To do |
Go to the line that contains "Scoop Layered Bra - Navy/Lemon" in the records below and repeat it, and each line after it, exactly through the end, omitting pictures.

[Data extracted from a collection]

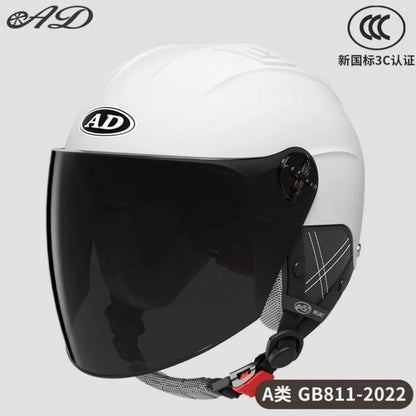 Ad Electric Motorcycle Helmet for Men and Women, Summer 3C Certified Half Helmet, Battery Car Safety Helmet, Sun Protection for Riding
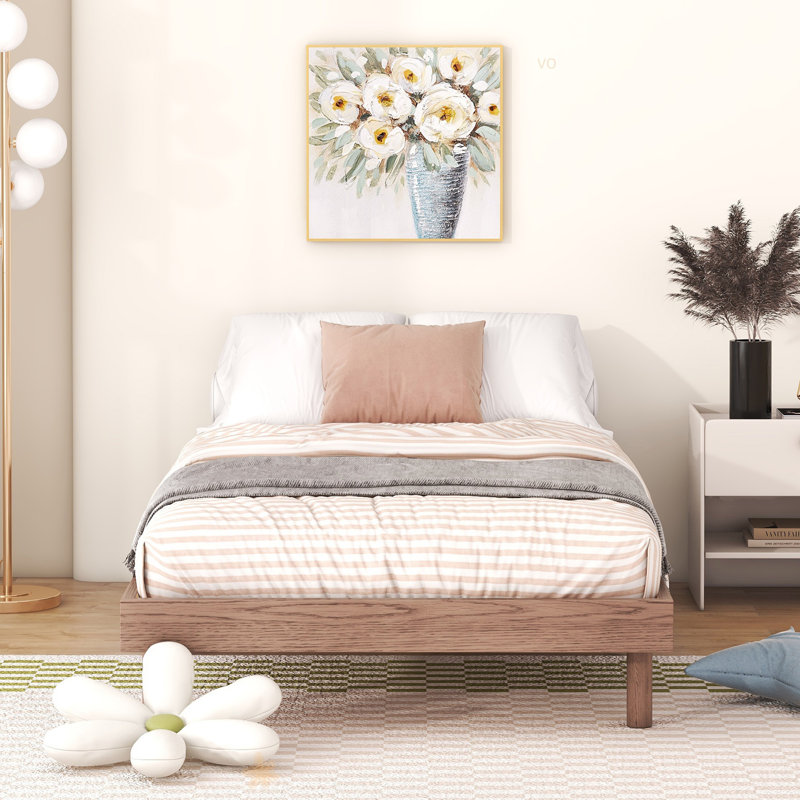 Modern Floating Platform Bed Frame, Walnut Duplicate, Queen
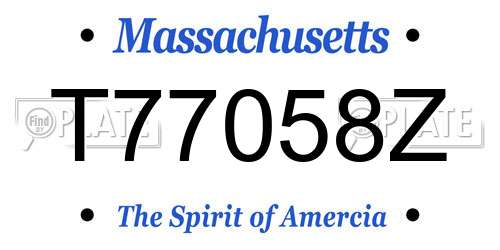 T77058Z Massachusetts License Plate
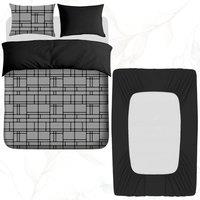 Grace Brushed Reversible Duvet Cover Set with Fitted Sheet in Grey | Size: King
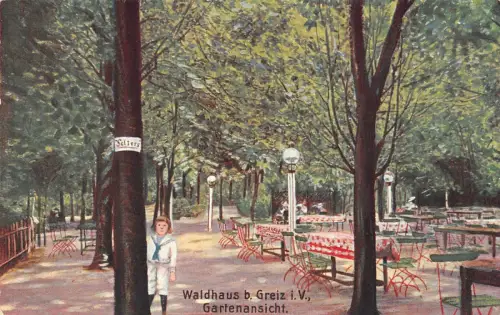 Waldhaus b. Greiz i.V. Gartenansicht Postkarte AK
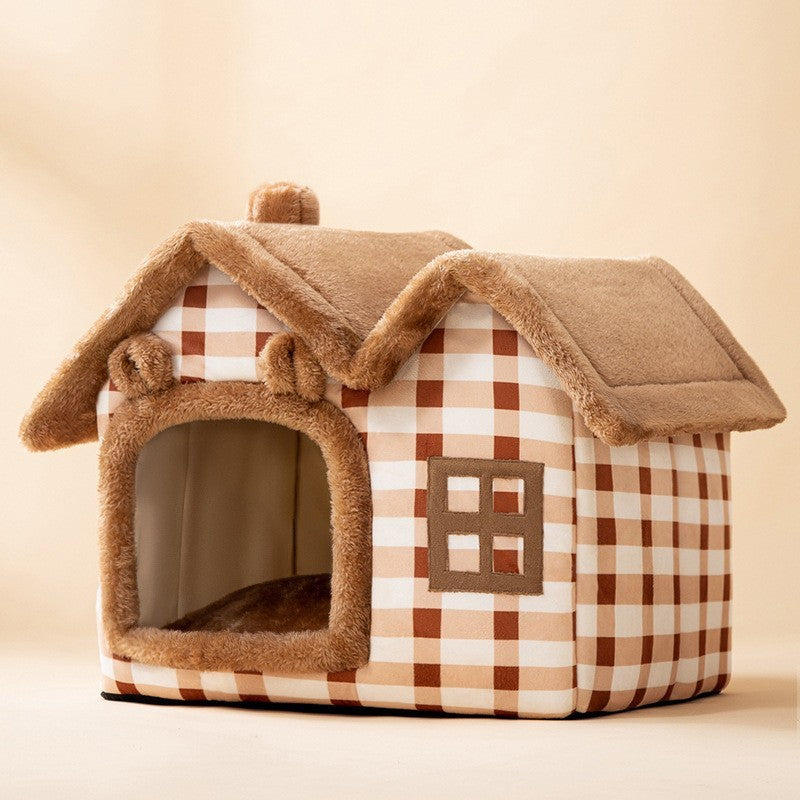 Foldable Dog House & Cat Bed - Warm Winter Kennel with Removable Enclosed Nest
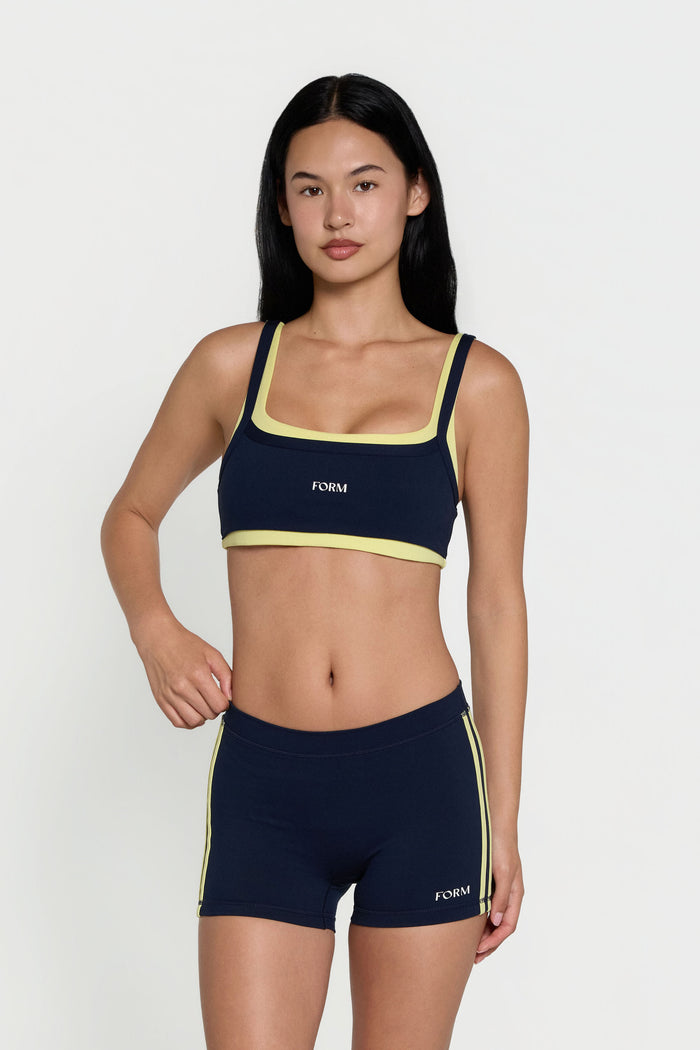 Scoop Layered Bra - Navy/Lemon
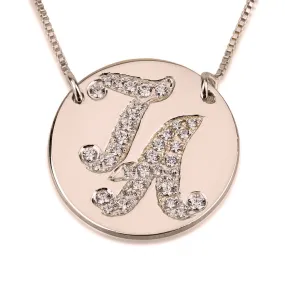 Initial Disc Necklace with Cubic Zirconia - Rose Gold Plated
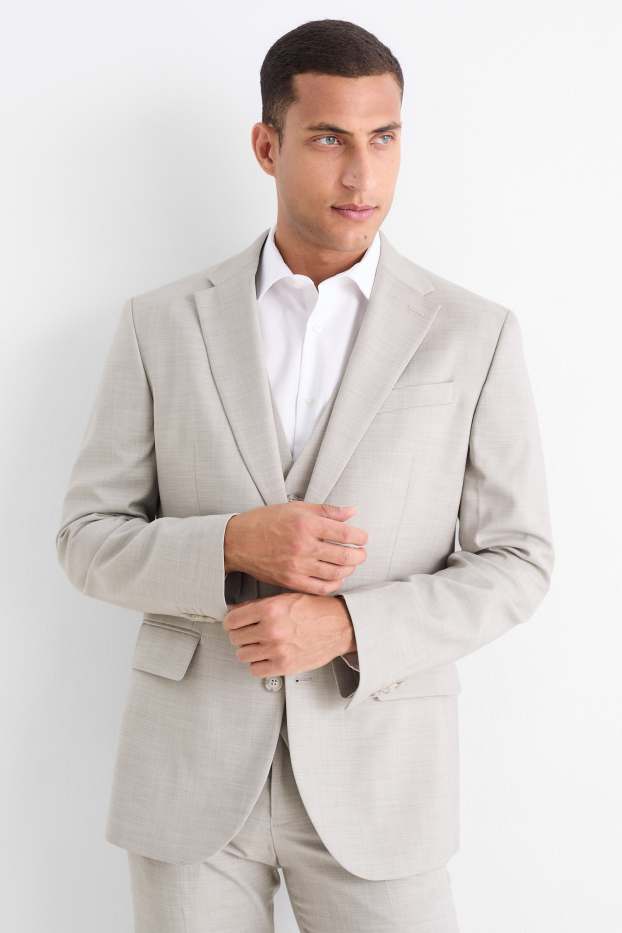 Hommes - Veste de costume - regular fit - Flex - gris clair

Result for this exercise |
 Scoop Layered Bra - Navy/Lemon
 Initial Disc Necklace with Cubic Zirconia - Rose Gold Plated
 Hommes - Veste de costume - regular fit - Flex - gris clair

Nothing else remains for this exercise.